Sunday, December 14, 2014

Chapter from "I will be dust I will be rain" (a work in progress)


Welcome to my Twenties and early Thirties

I spent a whole lot of time at this point wandering the city, being some sort of version of a beatnik poet, but clearly shoved into the wrong era for beatnik existence. Yet and still, I persevered. I kept moving. I spent time in Golden Gate Park by the carousel, I pounded pavement in the Mission, and also in the Lower Haight and all the while I was driven to write poems and sometimes chants that I felt compelled to share at the open mic poetry nights I found along my path.

How do you know you have reached some measure of success as a person who perpetrates counter culture? It seems that the accolades of modern society revolve around mostly academia or in the context of what are considered “real jobs” where one may land a coveted promotion, and so on. When I was asked if I wanted to be featured, that was the warmest introduction to the stage as a poet that I could have gotten. So naturally, I sought more experience in the blossoming spoken word and performance art scene that was permeating the Lower Haight.
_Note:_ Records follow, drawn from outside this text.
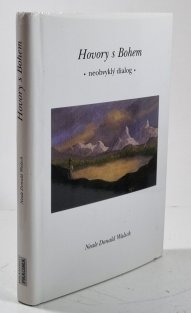 Hovory s Bohem I. - Neobvyklý dialog (první knihy)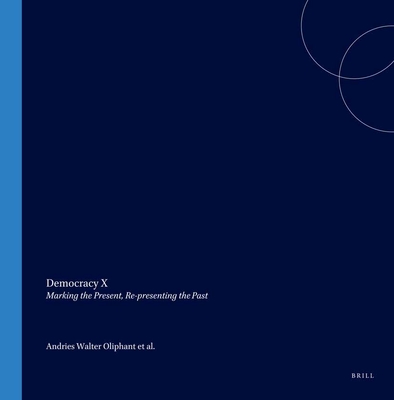 Democracy X: Marking the Present, Re-Presenting the Past - Oliphant, Andries (Editor), and Delius, Peter (Editor), and Meltzer, Lalou (Editor)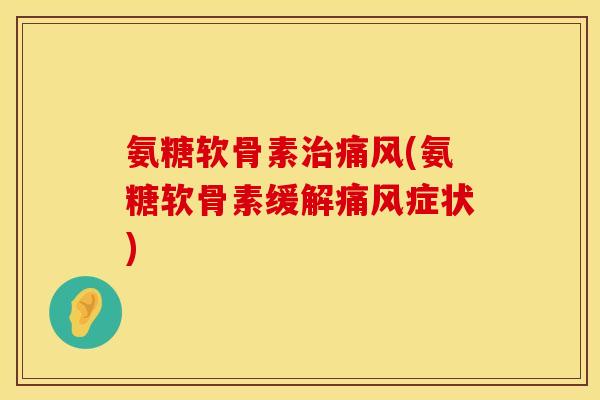 氨糖软骨素治痛风(氨糖软骨素缓解痛风症状)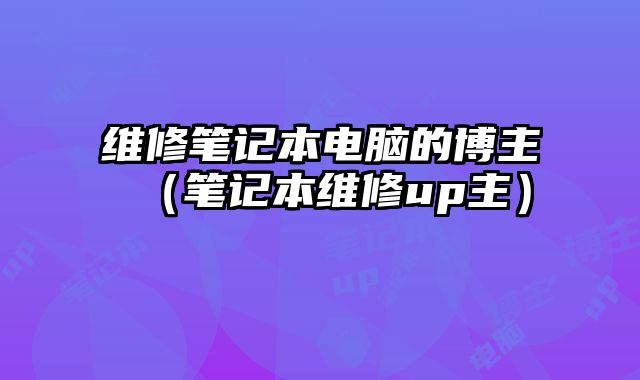 維修筆記本電腦的博主（筆記本維修up主）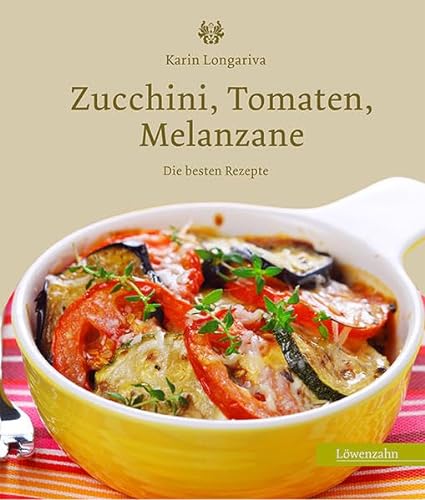 Zucchini, Tomaten, Melanzane. Die besten Rezepte von Unbekannt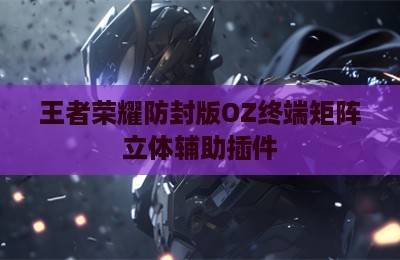 王者荣耀防封版OZ终端矩阵立体辅助插件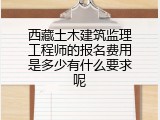 西藏土木建筑监理工程师的报名费用是多少有什么要求呢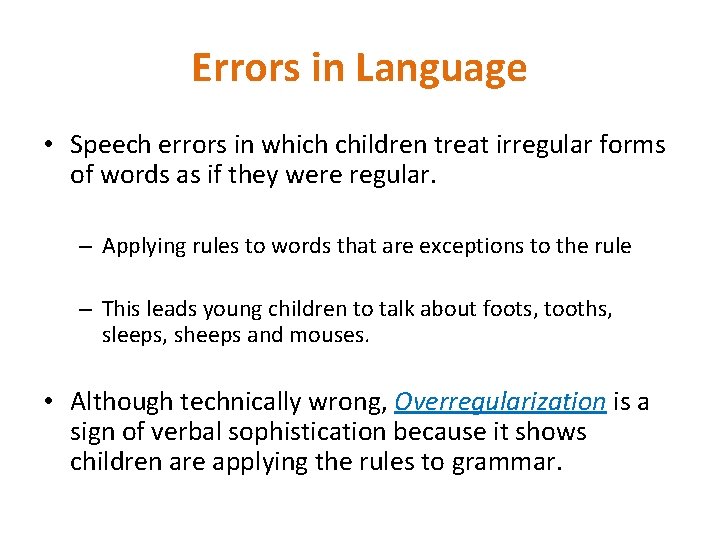 Errors in Language • Speech errors in which children treat irregular forms of words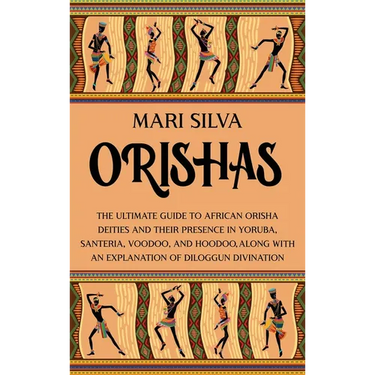 Orishas: The Ultimate Guide to African Orisha Deities and Their Presence in Yoruba, Santeria, Voodoo, and Hoodoo, Along with an Explanation of Diloggu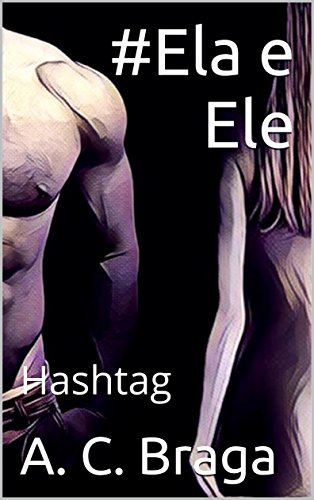 Capa do livro: #Ela e Ele: Hashtag - Ler Online pdf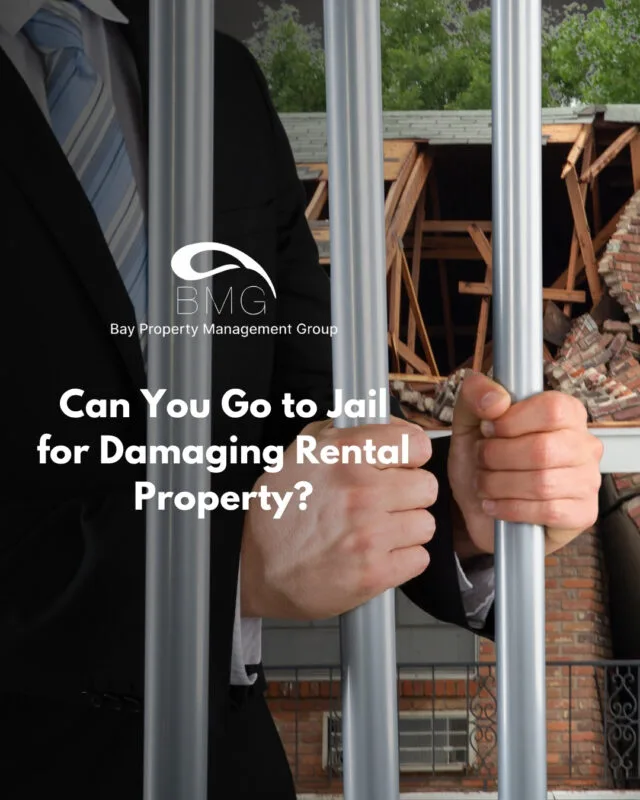 Can You Go to Jail for Damaging Rental Property | | Bay Property Management Group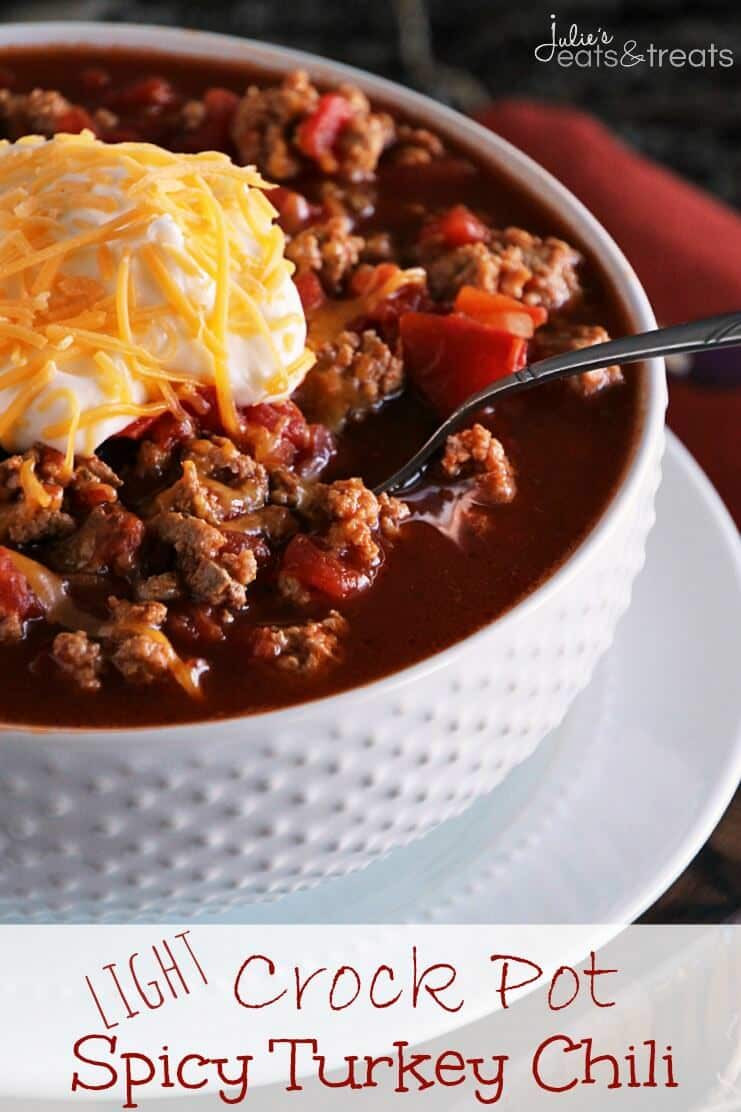 Crock Pot Turkey Chili Recipe
 Light Crock Pot Spicy Turkey Chili Recipe Julie s Eats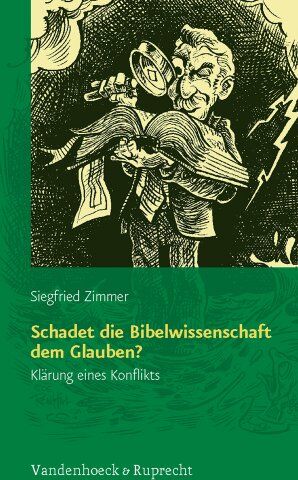 Siegfried Zimmer - Schadet die Bibelwissenschaft dem Glauben? Klärung eines Konflikts - Preis vom 30.09.2026 09:01:18 h
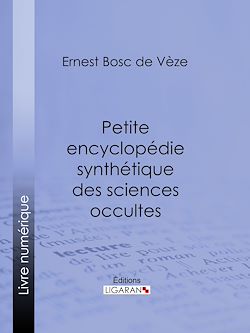 Télécharger le livre :  Petite encyclopédie synthétique des sciences occultes
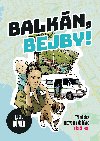 Balkán, bejby! - Lucie Roemer 
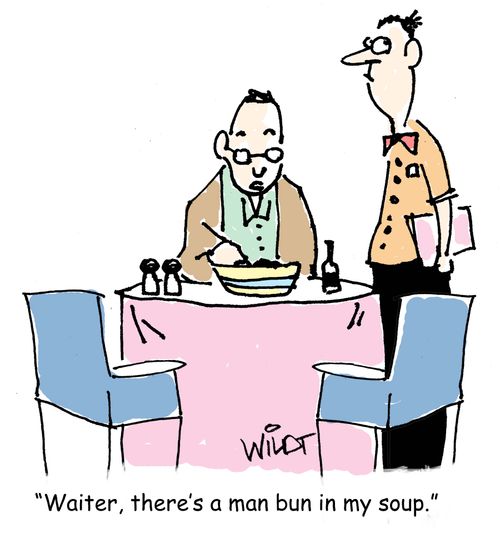 "Waiter, there's a man bun in my soup."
In this day in age, in the United States, a person of my background is expected to achieve a certain level of success. In order to do that, you have to believe in that very much promoted type of success, you have to believe it matters, that it is for you, that you fit inside of it somehow.

I never really believed in it. I may not have always had some other type of success or goal to focus on instead of it, but I never bought into it. I got as far as finishing a B.A. degree and then applying for a Master’s in Social Work. I applied to several different schools. I took a trip to Boston, to talk to people at the University about their program. I flew to England with my mother to meet people at King’s College in London, where they offered a Master’s degree in Comparative Religion. I remember sitting at a restaurant with my mother and trying to talk about the concept of “World Rejecters.” She had no idea how depressed I was at that time, how much I wished I could reject the world.

She responded by asking me, “Oh, do they talk about that in the literature?” How I hated the place I was at that moment. How I hated this Ivory Tower version of me that was looming over us at that time. How I hated this expectation of incredibly pretentious dialogue about subjects only the super privileged people who were overly saturated in elitist scenarios engaged in. I could not bring myself to fashion my mind into the type of mind that ends up perpetuating conversations or diatribes that are not much better than mental masturbation, while the rest of the world burns. Yes, I know that the rest of the world lacks authenticity in a big way, and deep down I know that I am nothing if not authentic, nothing if not disgusted by elitism, and to step into that world would have been to step into wretched terrain and ugly territory I wanted more than anything to flee, to run from and never, ever look back.

That is exactly what I did. I blame nobody for that time in my life. My mother was only trying to help; she was showing she believed in me, my academic abilities, and my intelligence. I do not fault her for not understanding my struggle at that time because, poet that I am, I am still sadly at a loss for words when it comes to this sort of confusion and angst. I do my best to capture it, when I feel relaying it may do some good.